GPT-2 355M fine-tuned for 1 epoch on the full Glaive Function Calling v2 dataset (112,960 samples, Kaggle T4, ~9.4 h). Evaluated on the full held-out test split — 3,929 well-formed dialogs, 1,856 of which have a function call in the ground truth; metrics are strict — an unparseable prediction counts as an error in every row.

Metric Value
Function-call parse rate 88.4%
Function name accuracy 88.0%
Argument keys accuracy 81.4%
Exact match (name + all argument values) 77.5%

Of the 1,641 predictions that parsed, all but ~8 named the correct function. The main failure mode isn't hallucinated functions — it's the model replying conversationally ("Sure, let me calculate that for you") instead of emitting the call, plus occasional garbled JSON on long nested arguments.

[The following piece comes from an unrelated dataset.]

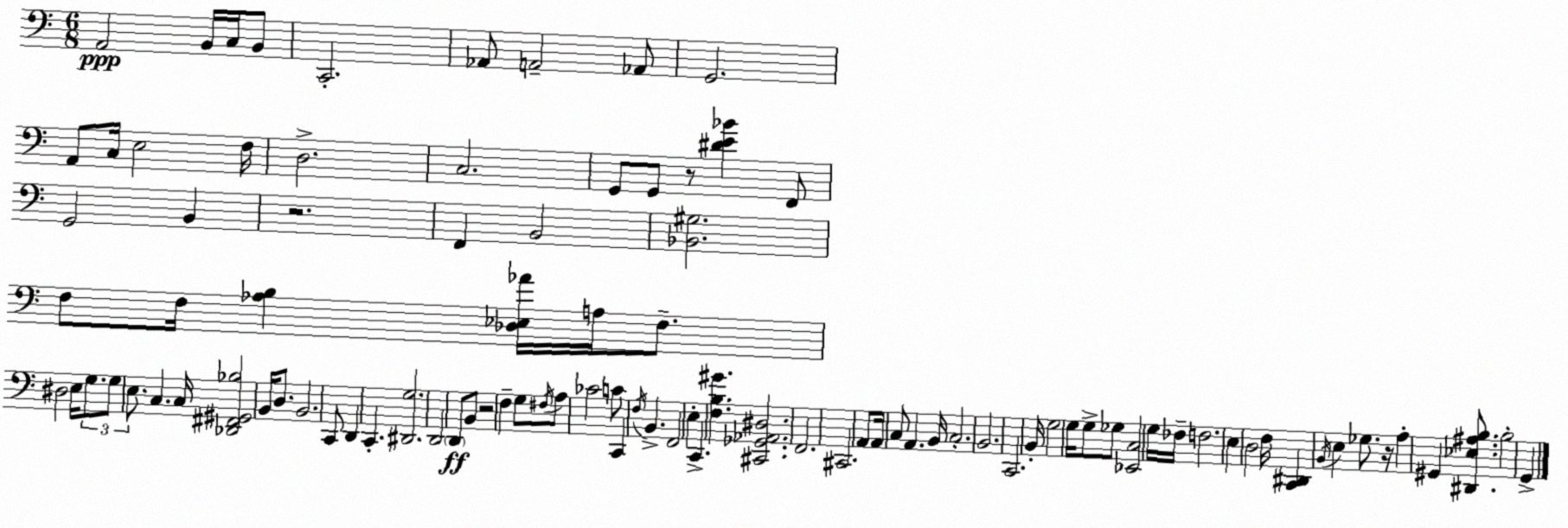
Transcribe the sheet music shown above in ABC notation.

Full per-sample outputs: gpt2fc-eval writes results/eval-results.json; the full-split summary is committed as results/metrics-355M-full.json (run on a Kaggle T4 via cloud/kaggle_eval.ipynb).

Training loss

Loss is cross-entropy over response tokens only — prompt and padding tokens are masked out with ignore_index=-100. Validation loss drops from 2.53 (pretrained baseline) to ~0.13.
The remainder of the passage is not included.